RESUMO OBJETIVO

Beneficiários com diagnóstico de Parkinson podem ter direito à restituição do Imposto de Renda através da dedução de despesas médicas na declaração. Conheça os requisitos, o procedimento legal e como solicitar a restituição de forma correta para garantir seus direitos.

EXPLICAÇÃO COMPLETA

O Parkinson é uma doença neurodegenerativa que pode gerar despesas médicas elevadas. De acordo com a legislação brasileira, esses custos podem ser utilizados como dedução na declaração do Imposto de Renda, permitindo ao contribuinte ou beneficiário solicitar restituição de valores pagos a mais ao longo do ano.

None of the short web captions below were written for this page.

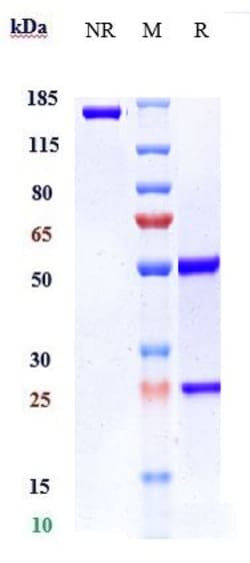 Invitrogen VEGFB Biosimilar Recombinant Monoclonal Antibody 1 mg; Unconjugated:Antibodies,
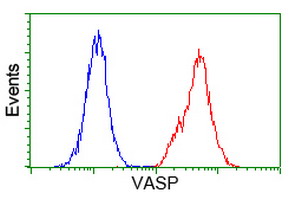 VASP Antibody - Flow cytometry of Jurkat cells, using anti-VASP antibody (Red), compared to a nonspecific negative control antibody (Blue).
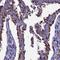 Nipsnap Homolog 3A antibody, HPA042491, Atlas Antibodies, Immunohistochemistry frozen image 
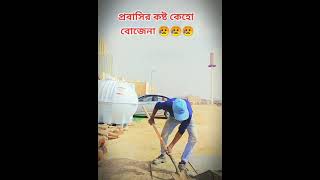 হায়রে প্রবাস জীবন কত কঠিন #probashi_news #shorts #ytshorts #viral #saudiarabia #kosto #প্রবাসী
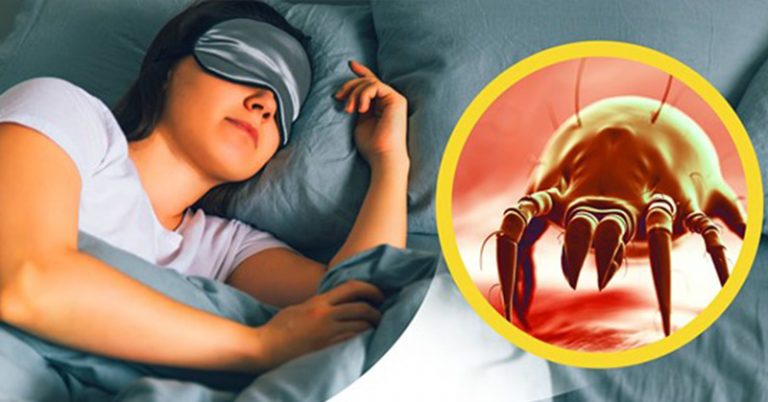 Your Pillow Case Has More Bacteria Than Your Toilet Seat if You Don’t Wash Your Sheets Often - Featured image
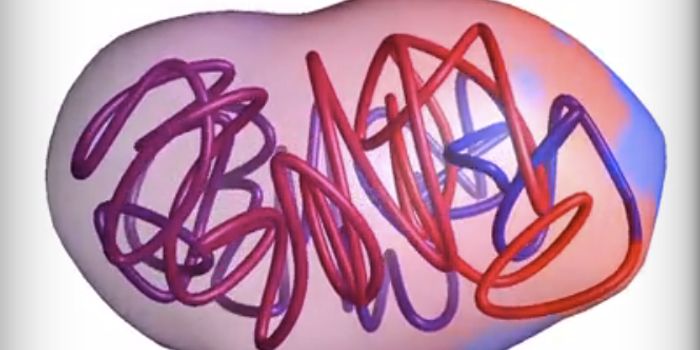 The 3D Structures of Bacterial DNA, Revealed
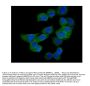 Anti-Rac1 Antibody Picoband®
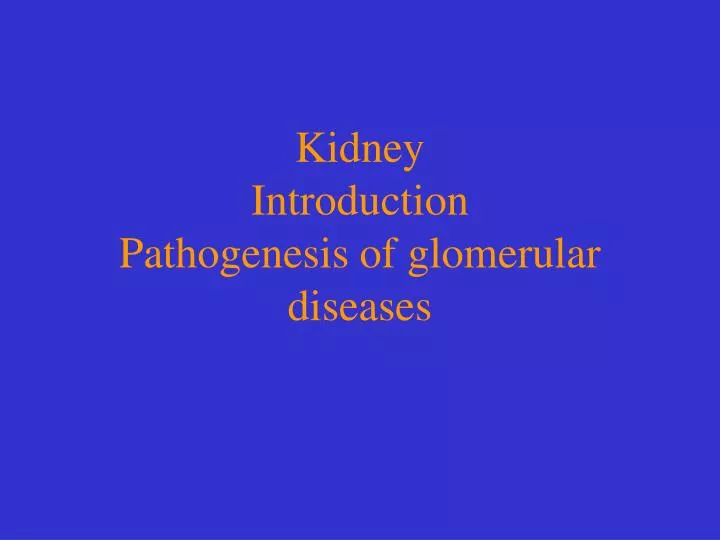 kidney introduction pathogenesis of glomerular diseases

Ao declarar despesas com tratamentos, medicamentos, terapias e procedimentos relacionados ao Parkinson, o beneficiário pode reduzir o imposto devido ou ainda gerar direito à restituição. É importante ressaltar que essas despesas precisam ser devidamente comprovadas por meio de notas fiscais, recibos ou laudos médicos específicos, contendo as informações detalhadas e o valor gasto.

O benefício é previsto na legislação fiscal brasileira, que reconhece a importância de assegurar direitos aos portadores de doenças graves, incluindo o Parkinson, garantindo a possibilidade de dedução de gastos relacionados à sua manutenção e tratamento.

A principal legislação que ampara a dedução de despesas médicas para fins de Imposto de Renda é a Lei nº 7.713/1988, em seus arts. 6º e seguintes, que dispõe sobre a tributação de rendimentos e a dedutibilidade de despesas médicas.

Especificamente, o artigo 6º da referida lei autoriza a dedução de despesas médicas, que incluem tratamentos relacionados a doenças graves, como Parkinson. Além disso, há a Instrução Normativa RFB nº 2.010/2021, que detalha procedimentos e critérios para comprovação dessas despesas.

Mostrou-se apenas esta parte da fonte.